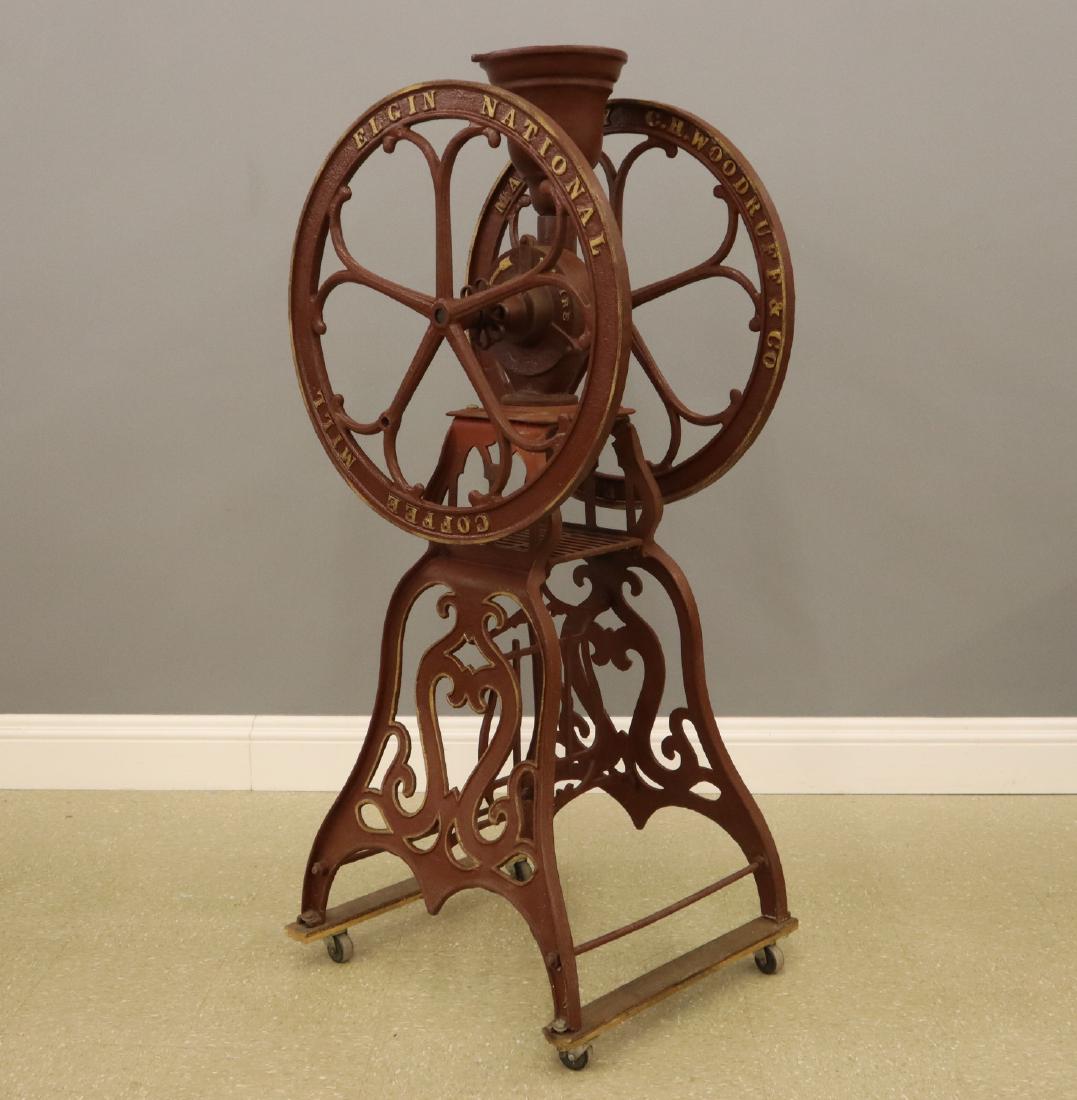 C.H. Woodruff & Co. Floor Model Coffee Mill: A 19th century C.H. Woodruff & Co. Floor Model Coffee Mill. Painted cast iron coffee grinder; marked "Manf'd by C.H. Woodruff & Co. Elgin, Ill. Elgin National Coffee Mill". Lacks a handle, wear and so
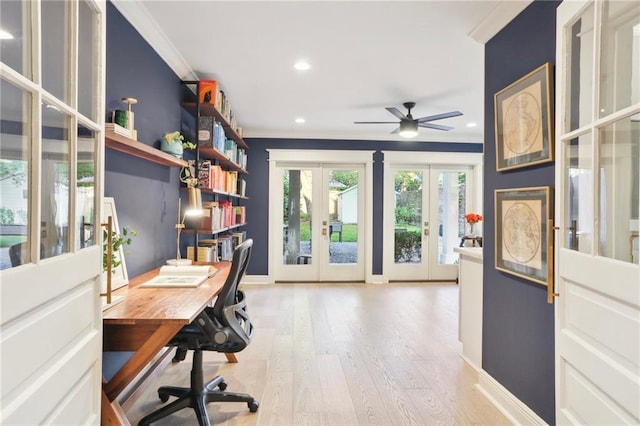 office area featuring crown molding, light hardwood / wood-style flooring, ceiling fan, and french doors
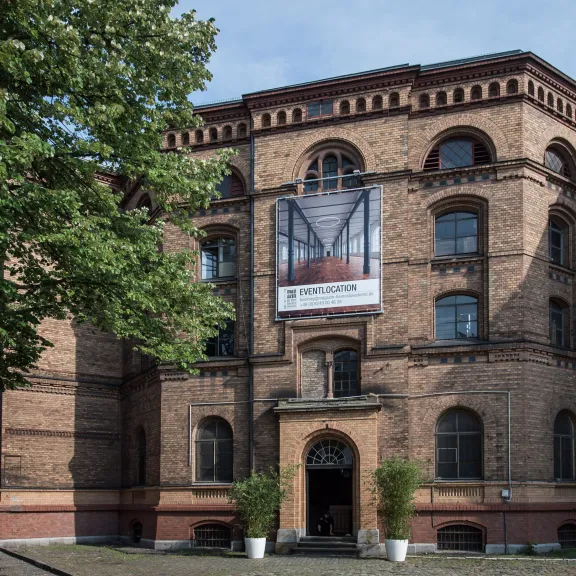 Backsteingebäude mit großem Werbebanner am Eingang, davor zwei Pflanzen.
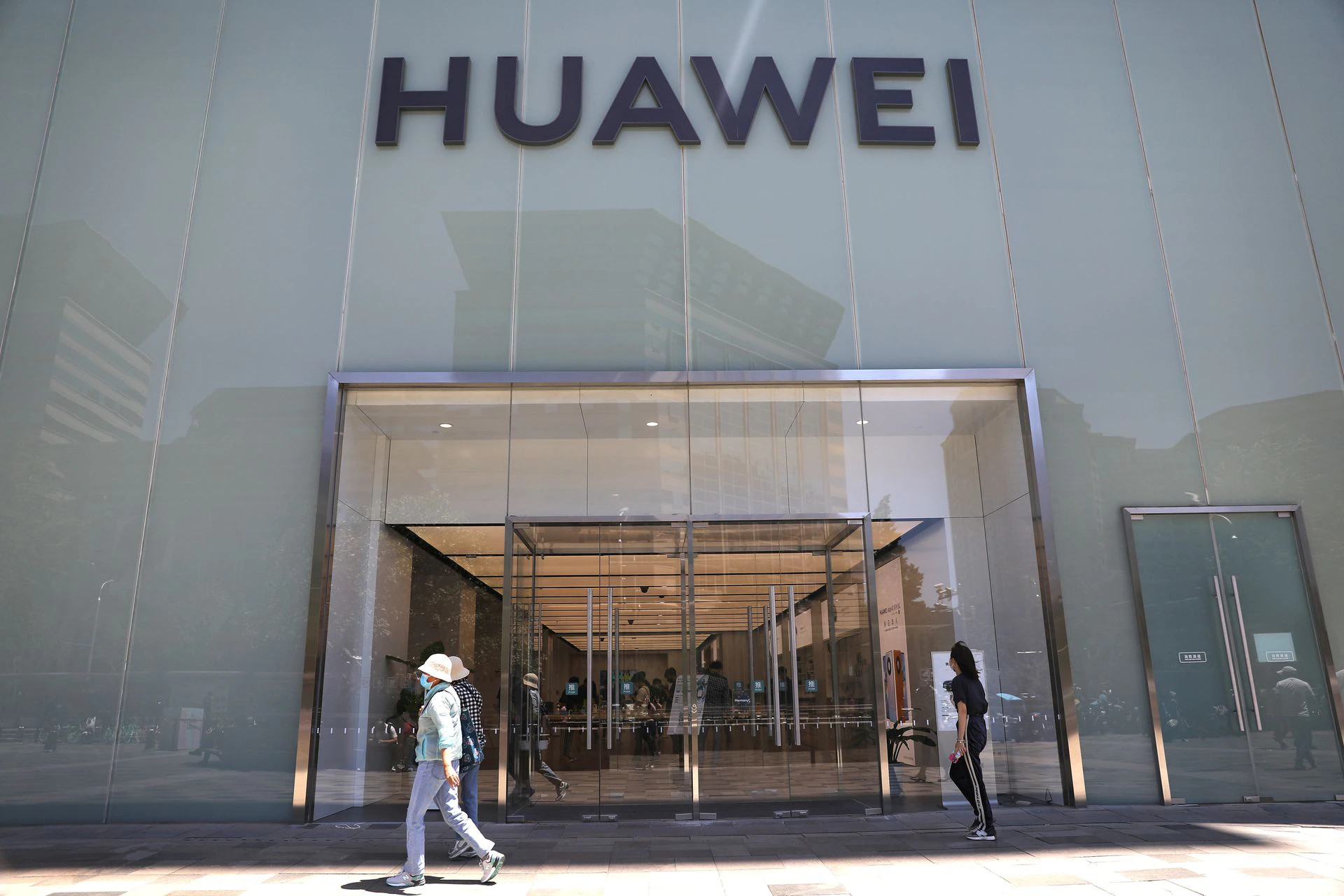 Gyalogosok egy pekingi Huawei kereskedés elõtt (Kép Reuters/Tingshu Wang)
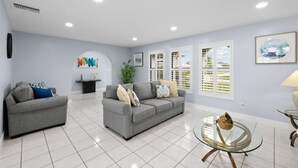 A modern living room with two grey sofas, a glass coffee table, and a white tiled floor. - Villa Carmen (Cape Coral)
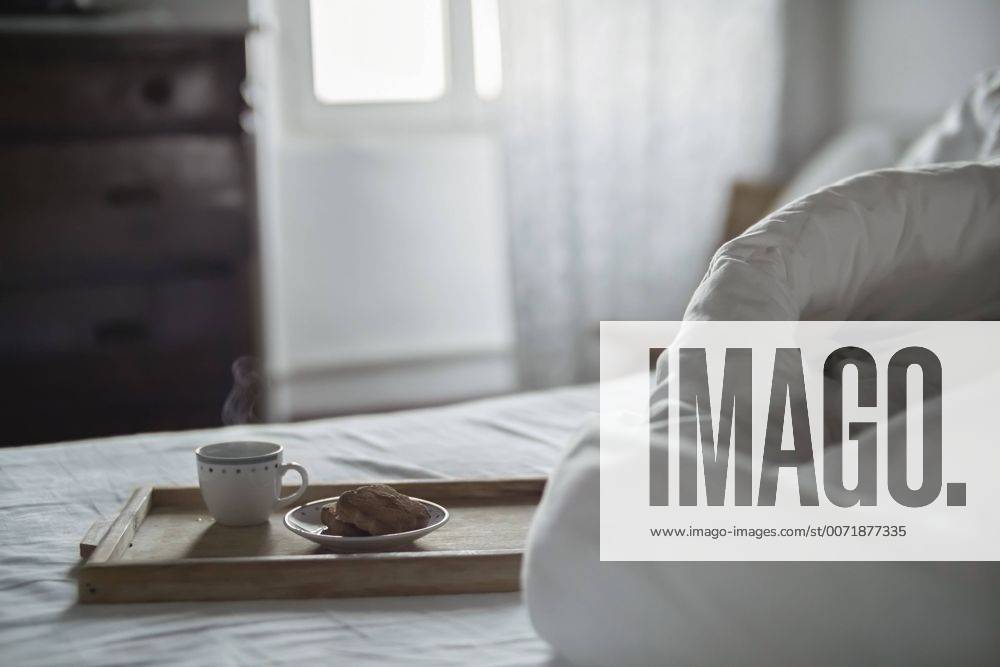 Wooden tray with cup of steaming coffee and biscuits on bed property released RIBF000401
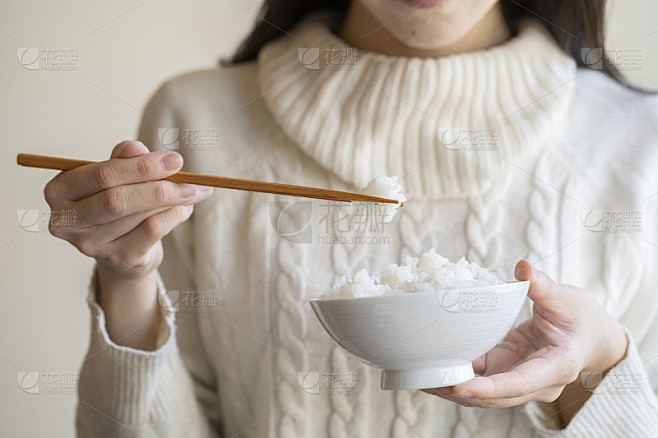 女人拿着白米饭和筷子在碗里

▶ WORK INSTRUCTIONS: Without including any pictures, copy every line above exactly.

▶ COMPLETED EXERCISE:
 C.H. Woodruff & Co. Floor Model Coffee Mill: A 19th century C.H. Woodruff & Co. Floor Model Coffee Mill. Painted cast iron coffee grinder; marked "Manf'd by C.H. Woodruff & Co. Elgin, Ill. Elgin National Coffee Mill". Lacks a handle, wear and so
 office area featuring crown molding, light hardwood / wood-style flooring, ceiling fan, and french doors
 Backsteingebäude mit großem Werbebanner am Eingang, davor zwei Pflanzen.
 Gyalogosok egy pekingi Huawei kereskedés elõtt (Kép Reuters/Tingshu Wang)
 A modern living room with two grey sofas, a glass coffee table, and a white tiled floor. - Villa Carmen (Cape Coral)
 Wooden tray with cup of steaming coffee and biscuits on bed property released RIBF000401
 女人拿着白米饭和筷子在碗里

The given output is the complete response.